After several road trips to Nashville to see Tennessee Titans games, the Williams family from Madison, Ala., was excited to have something new to check out this summer: a museum that proudly and conspicuously stands out from all the other music attractions in Music City U.S.A.
"If Nashville is going to continue to be famous for music, then it shouldn't just be country music," Angela Williams said while roaming through — and rocking out to — the National Museum of African American Music with her son Caleb, 15, and husband, Masal.
Opened this past Martin Luther King Jr. Day to the tune of $60 million, the NMAAM is the country's first major museum dedicated exclusively to Black music in America. What an important institution to envision.

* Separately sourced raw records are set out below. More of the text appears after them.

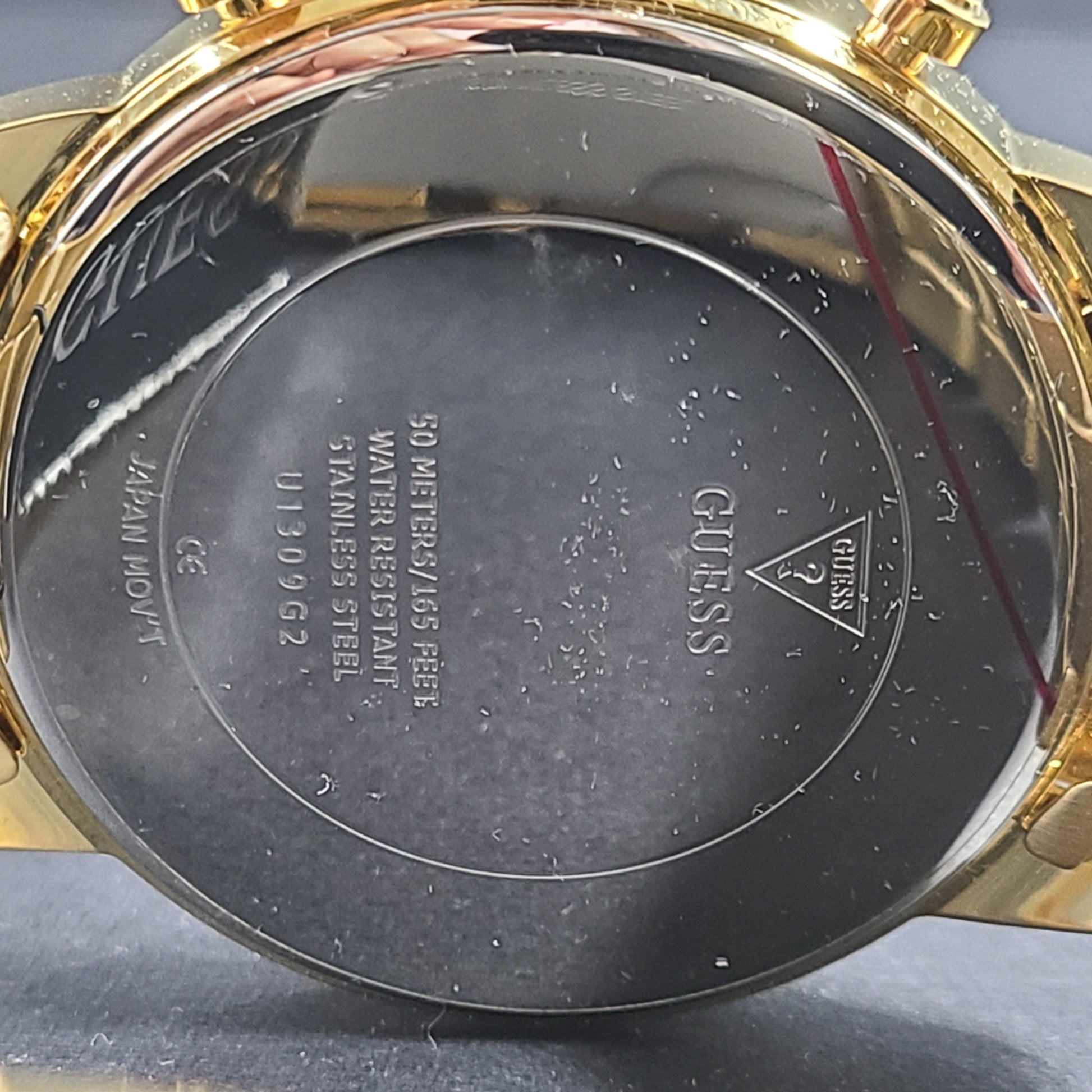 A stylish men's gold-tone stainless steel chronograph watch by GUESS.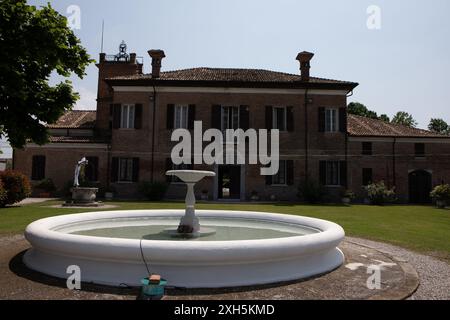 Großer weißer Brunnen, der an einem sonnigen Sommertag vor einer italienischen Villa mit grünem Rasen steht Stockfoto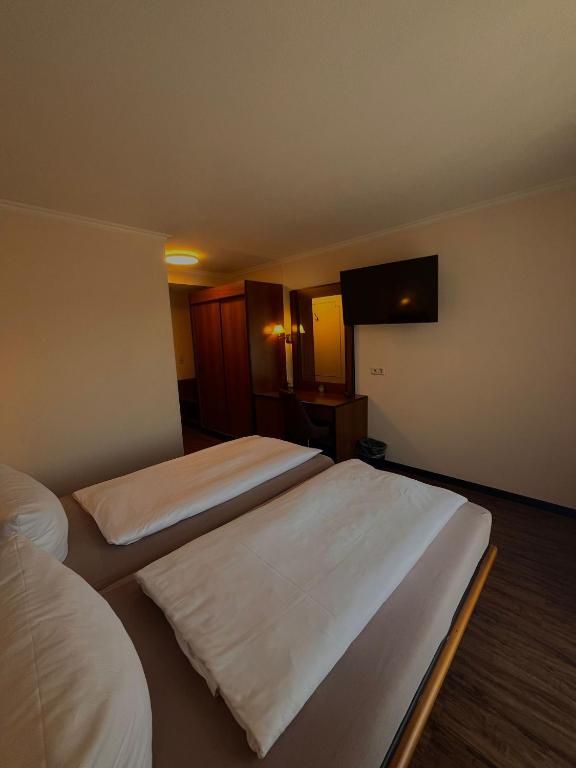 Postel nebo postele na pokoji v ubytování Hotel Rebstock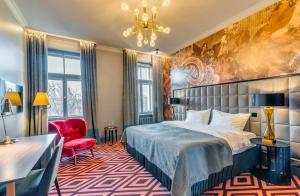 a hotel room with a bed and a red chair at Grand Poet Hotel and SPA by Semarah in Rīga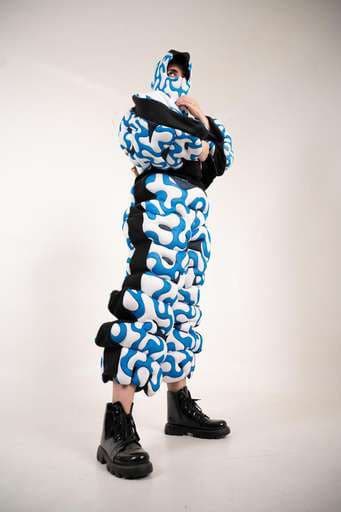 Final garment: a cobalt squiggle-print puffed suit, standing.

And what a blast it turns out to be. Electronic interactive stations and hi-fi multimedia installations dot every room of the 56,000-square-foot facility, from one faux studio where you can write your own rough-and-tumble blues song to another where you can experience singing in a mass gospel choir.
"It really makes you feel connected to a wide range of different artists," Masal Williams said, minutes after the family had tried its hand at freestyle rapping. (Caleb still looked a tad embarrassed.)
Crashing the Music City party
It admittedly seems a bit awkward having the NMAAM in downtown Nashville. Either New Orleans or Memphis would have been more logical locations, given the far richer heritages of Black music in both of those Southern cities.
Nashville has more tourists and money, though. And anyway, there is also something kind of cool about the NMAAM butting in on the territory of the equally exceptional — but obviously far less diverse — Country Music Hall of Fame Museum just three blocks away.
Charley Pride aside, you won't see much crossover between the two sprawling museums. And with newness and technology to its advantage, the NMAAM offers a much more interactive and outright entertaining experience than the country hall.